Sounds like a lot to me. I've had 1-1 training and behavourist training from the place I go to and there prices are £99 for the first one and £40 thereafter. I've attached there link just so you can see what they offer and compare. You're one might be majorily different. Unfortunately its too far from you, but it would be cheaper to commute !

http://www.thefamilydog.co.uk/dog-behaviour-consultations.html


----------



## Dylansmum (Oct 29, 2010)

You could try Barkbusters. It's a franchise with people all ove the country and I spent a day with one of their trainers some years ago. They do a couple of sessions and give a lifetime guarantee. It used to be around £200 but may be more now. It's where I first came across BARF feeding as they recommend that as part of the cure.


----------



## EG1 (May 14, 2011)

MillieDog said:


> Sounds like a lot to me. I've had 1-1 training and behavourist training from the place I go to and there prices are £99 for the first one and £40 thereafter. I've attached there link just so you can see what they offer and compare. You're one might be majorily different. Unfortunately its too far from you, but it would be cheaper to commute !
> 
> http://www.thefamilydog.co.uk/dog-behaviour-consultations.html


Thanks Julie - that seems a much more realistic price. I've looked at website and not totally out of the question as I have friends in Milton Keynes and near Aylesbury - so could possibly travel. x


----------



## EG1 (May 14, 2011)

Dylansmum said:


> You could try Barkbusters. It's a franchise with people all ove the country and I spent a day with one of their trainers some years ago. They do a couple of sessions and give a lifetime guarantee. It used to be around £200 but may be more now. It's where I first came across BARF feeding as they recommend that as part of the cure.

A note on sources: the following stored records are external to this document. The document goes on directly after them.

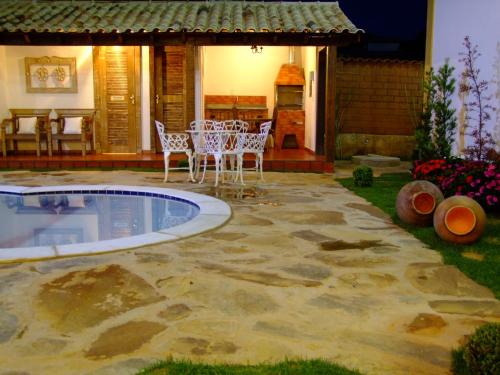 a patio with a table and chairs next to a pool at Pousada Ouro de Minas in Tiradentes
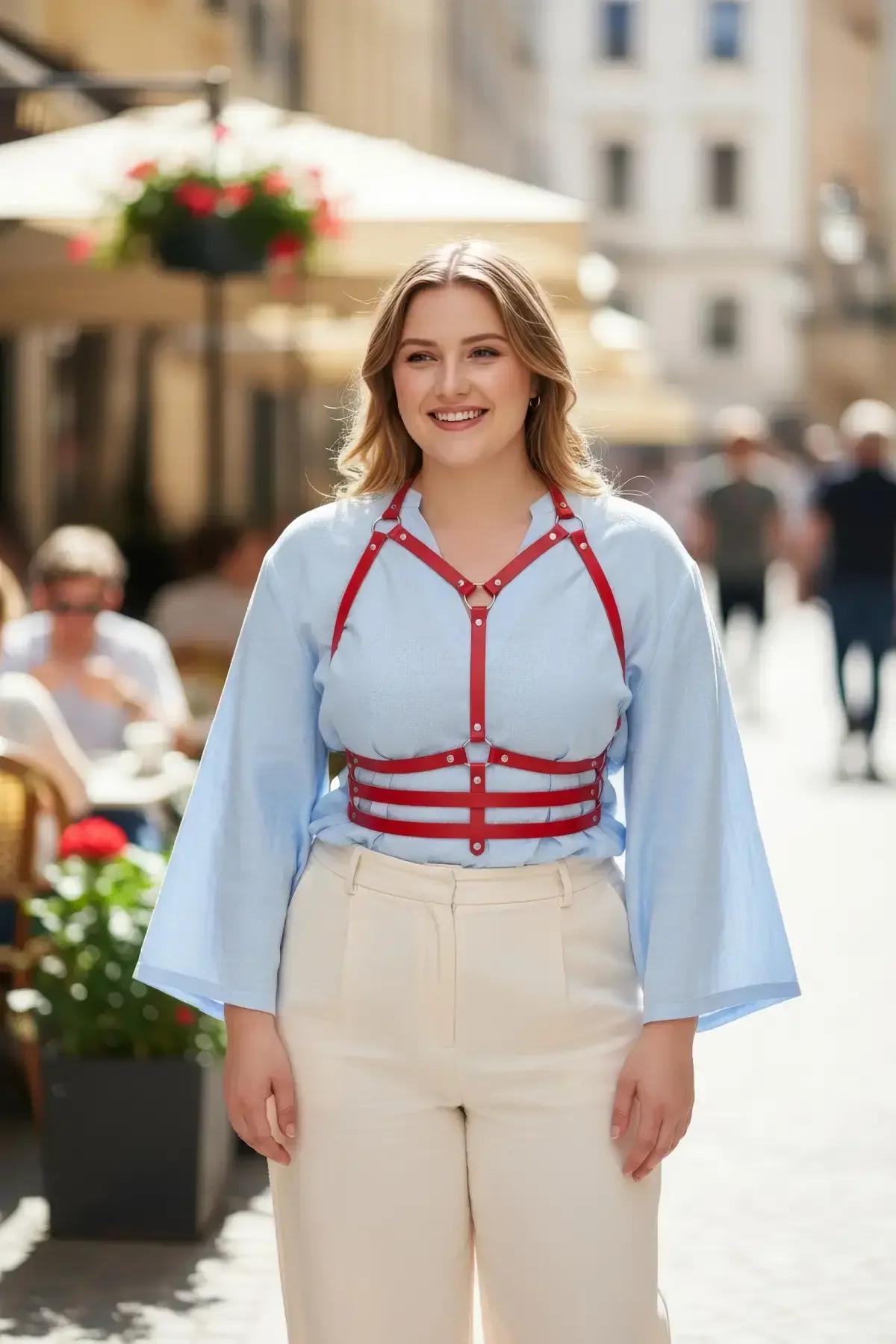 açık mavi bluz üzerine altın perçin zımbalarla kırmızı suni deri kafesli overbust vücut harness
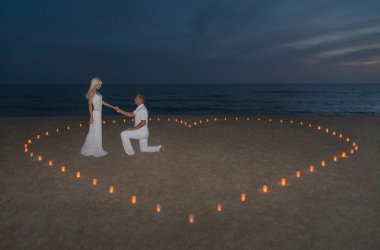Young couple in candles heart at sea beach against sunset clipart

I did have a look at Barkbusters website but assumed they'd be same scary price as the other guy. I'll try emailing. Thanks!


----------



## 2ndhandgal (Aug 29, 2011)

Please don't try Barkbusters - they are a franchised organisation where anyone can apply to run a business regardless of knowledge and experience of dogs. I have heard tales of dogs who have been made much worse by their advice which is frequently outdated and "one size fits all"

You could always try contacting a local APDT trainer for advice and their recommendations for a reputable behaviourist if they are not able to help you.


----------



## MillieDog (Jun 1, 2011)

EG1 said:


> Thanks Julie - that seems a much more realistic price. I've looked at website and not totally out of the question as I have friends in Milton Keynes and near Aylesbury - so could possibly travel. x


Oh that would be good. Then if you have time, we could meet up for a walk, I'll try and drag out a couple of other local cockapoo people too


----------



## EG1 (May 14, 2011)

Julie - I'd love to meet up but only if they've miraculously cured Alfie of his barking first. As he's behaving at the moment I'd be SO embarrassed!!!


----------



## EG1 (May 14, 2011)

2ndhandgal said:


> Please don't try Barkbusters - they are a franchised organisation where anyone can apply to run a business regardless of knowledge and experience of dogs. I have heard tales of dogs who have been made much worse by their advice which is frequently outdated and "one size fits all"
> 
> You could always try contacting a local APDT trainer for advice and their recommendations for a reputable behaviourist if they are not able to help you.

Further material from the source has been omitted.